Records:
------------------------
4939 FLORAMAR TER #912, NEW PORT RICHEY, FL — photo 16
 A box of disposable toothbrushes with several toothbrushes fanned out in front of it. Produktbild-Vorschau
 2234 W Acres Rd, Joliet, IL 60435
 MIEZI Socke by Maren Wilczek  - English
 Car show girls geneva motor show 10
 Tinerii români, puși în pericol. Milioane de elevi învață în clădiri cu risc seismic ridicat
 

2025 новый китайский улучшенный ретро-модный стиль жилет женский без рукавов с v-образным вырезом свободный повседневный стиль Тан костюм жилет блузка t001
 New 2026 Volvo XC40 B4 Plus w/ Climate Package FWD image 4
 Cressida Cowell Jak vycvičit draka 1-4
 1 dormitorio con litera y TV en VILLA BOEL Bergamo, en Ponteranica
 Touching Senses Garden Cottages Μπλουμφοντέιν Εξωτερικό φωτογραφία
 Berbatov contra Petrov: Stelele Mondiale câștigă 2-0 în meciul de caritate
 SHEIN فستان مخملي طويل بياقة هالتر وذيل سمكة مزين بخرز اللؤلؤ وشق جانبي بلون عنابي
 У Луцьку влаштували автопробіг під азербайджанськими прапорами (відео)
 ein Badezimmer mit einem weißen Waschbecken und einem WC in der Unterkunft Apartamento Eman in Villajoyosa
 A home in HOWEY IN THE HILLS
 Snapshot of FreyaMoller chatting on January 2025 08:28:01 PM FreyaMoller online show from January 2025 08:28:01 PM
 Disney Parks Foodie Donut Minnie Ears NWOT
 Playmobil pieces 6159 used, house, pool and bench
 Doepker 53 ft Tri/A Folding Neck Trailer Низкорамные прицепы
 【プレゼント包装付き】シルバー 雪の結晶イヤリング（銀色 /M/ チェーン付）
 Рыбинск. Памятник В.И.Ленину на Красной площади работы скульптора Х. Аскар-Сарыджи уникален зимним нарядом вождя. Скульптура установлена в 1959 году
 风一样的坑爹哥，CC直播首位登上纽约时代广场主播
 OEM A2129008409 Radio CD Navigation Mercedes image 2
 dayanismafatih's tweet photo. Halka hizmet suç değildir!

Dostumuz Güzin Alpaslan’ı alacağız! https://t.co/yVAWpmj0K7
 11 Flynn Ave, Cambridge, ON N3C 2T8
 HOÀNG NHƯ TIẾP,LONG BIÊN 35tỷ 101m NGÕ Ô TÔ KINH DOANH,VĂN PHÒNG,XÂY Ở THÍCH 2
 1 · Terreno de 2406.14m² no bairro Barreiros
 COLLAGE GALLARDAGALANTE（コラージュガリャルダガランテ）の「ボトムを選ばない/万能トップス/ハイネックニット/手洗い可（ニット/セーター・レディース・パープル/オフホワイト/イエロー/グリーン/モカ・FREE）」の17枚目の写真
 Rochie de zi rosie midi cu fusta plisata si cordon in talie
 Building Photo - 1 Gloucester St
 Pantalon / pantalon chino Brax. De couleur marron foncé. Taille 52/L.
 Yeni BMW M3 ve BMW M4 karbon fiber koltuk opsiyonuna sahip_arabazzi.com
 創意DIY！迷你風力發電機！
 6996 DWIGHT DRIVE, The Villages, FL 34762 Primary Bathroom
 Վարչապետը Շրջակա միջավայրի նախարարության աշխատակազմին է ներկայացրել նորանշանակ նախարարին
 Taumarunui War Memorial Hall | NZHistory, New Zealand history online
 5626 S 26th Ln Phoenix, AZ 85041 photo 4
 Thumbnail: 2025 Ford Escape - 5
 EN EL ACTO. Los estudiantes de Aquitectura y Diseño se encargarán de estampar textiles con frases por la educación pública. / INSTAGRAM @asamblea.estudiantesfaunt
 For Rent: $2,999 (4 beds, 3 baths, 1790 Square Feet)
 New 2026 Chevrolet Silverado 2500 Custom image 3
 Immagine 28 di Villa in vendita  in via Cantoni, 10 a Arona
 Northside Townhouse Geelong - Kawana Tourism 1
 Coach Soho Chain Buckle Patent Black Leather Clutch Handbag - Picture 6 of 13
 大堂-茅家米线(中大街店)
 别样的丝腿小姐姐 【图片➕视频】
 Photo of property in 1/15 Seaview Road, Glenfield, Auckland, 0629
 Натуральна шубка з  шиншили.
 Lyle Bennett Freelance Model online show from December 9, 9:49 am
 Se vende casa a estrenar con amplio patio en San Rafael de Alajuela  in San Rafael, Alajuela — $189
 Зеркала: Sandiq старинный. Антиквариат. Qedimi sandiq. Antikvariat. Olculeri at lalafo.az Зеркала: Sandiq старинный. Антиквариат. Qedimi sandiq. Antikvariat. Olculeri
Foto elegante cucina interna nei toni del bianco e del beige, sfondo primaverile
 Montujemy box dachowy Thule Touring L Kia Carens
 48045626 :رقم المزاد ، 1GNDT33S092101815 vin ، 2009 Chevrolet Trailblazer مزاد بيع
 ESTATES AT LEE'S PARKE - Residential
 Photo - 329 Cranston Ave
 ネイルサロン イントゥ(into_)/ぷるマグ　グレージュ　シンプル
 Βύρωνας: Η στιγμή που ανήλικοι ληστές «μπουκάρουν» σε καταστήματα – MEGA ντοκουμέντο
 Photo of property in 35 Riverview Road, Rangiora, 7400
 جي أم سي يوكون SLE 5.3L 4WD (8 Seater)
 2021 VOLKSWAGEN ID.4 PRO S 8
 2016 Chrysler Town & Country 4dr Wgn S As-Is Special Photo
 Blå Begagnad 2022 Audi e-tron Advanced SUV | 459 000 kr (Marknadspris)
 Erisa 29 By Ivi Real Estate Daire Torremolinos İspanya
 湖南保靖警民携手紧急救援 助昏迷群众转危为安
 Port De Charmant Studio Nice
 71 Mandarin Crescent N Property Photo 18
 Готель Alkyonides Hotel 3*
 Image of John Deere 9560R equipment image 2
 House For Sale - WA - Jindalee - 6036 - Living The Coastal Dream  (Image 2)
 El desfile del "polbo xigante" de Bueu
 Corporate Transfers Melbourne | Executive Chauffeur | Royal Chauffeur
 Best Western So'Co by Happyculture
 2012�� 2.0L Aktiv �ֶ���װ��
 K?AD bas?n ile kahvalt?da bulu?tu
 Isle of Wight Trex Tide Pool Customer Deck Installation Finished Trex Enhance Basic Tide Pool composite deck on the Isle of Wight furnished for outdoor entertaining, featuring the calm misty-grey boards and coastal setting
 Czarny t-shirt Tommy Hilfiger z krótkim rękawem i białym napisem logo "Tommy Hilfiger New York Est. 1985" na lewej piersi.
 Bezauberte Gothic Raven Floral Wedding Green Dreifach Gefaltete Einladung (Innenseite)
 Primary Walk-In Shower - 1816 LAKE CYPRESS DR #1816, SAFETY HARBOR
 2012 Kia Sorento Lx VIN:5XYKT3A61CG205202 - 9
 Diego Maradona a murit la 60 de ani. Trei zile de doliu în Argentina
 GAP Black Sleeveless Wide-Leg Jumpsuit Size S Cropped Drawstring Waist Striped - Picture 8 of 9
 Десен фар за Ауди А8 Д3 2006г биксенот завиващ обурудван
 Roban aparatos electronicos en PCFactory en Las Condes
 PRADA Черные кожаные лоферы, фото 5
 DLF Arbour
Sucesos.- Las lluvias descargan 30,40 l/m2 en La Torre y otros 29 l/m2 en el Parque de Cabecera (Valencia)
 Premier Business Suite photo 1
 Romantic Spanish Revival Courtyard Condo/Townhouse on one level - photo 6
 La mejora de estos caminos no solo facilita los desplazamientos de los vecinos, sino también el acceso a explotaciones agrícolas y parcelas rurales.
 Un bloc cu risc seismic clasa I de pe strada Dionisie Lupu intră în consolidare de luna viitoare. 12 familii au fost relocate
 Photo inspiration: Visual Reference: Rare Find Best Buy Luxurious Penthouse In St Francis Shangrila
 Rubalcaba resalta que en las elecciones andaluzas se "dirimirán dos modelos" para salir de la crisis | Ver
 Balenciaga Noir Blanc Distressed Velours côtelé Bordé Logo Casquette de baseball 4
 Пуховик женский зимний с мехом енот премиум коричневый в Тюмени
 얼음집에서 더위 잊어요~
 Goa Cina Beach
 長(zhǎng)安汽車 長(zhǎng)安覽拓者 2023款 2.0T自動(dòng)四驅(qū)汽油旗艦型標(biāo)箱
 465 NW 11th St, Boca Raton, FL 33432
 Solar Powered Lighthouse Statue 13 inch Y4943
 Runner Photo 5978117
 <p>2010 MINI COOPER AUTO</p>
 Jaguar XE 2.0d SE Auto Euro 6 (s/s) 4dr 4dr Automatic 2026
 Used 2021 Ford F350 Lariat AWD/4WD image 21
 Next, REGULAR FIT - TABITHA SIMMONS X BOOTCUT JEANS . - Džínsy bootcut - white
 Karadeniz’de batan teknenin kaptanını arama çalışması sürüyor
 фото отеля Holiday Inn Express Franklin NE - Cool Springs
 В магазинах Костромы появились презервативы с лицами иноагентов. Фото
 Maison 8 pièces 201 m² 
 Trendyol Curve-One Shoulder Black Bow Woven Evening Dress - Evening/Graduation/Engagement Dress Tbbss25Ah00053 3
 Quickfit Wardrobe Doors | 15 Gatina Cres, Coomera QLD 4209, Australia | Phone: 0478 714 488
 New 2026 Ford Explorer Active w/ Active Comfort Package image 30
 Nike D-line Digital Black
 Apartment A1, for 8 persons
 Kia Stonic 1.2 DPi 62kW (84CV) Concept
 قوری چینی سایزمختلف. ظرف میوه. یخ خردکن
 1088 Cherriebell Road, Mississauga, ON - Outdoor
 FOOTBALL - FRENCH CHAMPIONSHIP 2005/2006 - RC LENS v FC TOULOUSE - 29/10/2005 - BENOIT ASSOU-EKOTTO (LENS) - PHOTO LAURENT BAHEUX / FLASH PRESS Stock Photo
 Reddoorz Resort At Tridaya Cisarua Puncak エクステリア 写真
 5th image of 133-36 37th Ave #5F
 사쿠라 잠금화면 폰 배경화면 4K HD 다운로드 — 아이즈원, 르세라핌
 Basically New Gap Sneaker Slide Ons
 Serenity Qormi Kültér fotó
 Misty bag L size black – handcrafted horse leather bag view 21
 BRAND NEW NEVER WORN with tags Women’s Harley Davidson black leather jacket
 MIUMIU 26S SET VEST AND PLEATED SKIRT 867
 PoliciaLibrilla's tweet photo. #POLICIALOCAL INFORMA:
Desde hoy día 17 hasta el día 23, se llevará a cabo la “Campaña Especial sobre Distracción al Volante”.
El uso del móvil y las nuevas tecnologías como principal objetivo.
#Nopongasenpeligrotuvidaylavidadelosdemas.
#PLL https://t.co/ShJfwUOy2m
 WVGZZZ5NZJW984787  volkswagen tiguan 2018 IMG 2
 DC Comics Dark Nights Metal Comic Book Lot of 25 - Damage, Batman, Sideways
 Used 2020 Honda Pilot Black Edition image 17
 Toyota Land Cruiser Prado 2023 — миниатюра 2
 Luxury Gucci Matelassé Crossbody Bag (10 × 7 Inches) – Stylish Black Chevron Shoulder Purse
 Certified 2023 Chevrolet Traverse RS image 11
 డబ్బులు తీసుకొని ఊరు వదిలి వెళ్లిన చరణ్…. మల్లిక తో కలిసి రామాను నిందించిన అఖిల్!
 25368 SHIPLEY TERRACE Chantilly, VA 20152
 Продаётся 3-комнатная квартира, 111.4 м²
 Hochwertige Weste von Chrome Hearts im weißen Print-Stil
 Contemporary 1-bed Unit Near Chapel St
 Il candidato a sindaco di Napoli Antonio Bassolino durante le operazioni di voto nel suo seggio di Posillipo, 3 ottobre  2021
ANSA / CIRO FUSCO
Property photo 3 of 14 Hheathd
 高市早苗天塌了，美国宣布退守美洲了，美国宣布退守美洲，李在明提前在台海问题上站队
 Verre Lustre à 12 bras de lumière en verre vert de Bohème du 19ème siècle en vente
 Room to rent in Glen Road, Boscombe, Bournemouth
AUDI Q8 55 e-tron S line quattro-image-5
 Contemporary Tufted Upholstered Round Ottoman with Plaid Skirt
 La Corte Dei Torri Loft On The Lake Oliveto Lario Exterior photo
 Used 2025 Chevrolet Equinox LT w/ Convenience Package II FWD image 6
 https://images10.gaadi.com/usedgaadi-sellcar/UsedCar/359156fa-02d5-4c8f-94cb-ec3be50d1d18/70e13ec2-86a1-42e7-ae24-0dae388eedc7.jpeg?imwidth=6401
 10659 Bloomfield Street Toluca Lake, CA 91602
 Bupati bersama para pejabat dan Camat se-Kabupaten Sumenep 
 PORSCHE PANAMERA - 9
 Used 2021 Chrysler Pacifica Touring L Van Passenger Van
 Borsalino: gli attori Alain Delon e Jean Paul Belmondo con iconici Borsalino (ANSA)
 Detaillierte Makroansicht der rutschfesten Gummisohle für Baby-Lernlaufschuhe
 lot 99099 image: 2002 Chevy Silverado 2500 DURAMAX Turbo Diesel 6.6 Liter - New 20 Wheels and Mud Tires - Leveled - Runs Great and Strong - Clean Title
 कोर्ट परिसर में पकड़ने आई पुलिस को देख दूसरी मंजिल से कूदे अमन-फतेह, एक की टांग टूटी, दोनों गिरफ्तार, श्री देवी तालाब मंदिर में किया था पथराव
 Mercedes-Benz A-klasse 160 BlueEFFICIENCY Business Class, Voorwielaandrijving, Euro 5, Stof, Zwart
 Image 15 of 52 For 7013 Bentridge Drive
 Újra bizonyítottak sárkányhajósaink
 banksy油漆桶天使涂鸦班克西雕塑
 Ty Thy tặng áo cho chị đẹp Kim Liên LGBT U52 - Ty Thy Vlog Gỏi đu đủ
------------------------
Work item:
Reproduce each line from the listing above that includes the word "Chrysler".

Result of the task:
 2016 Chrysler Town & Country 4dr Wgn S As-Is Special Photo
 Used 2021 Chrysler Pacifica Touring L Van Passenger Van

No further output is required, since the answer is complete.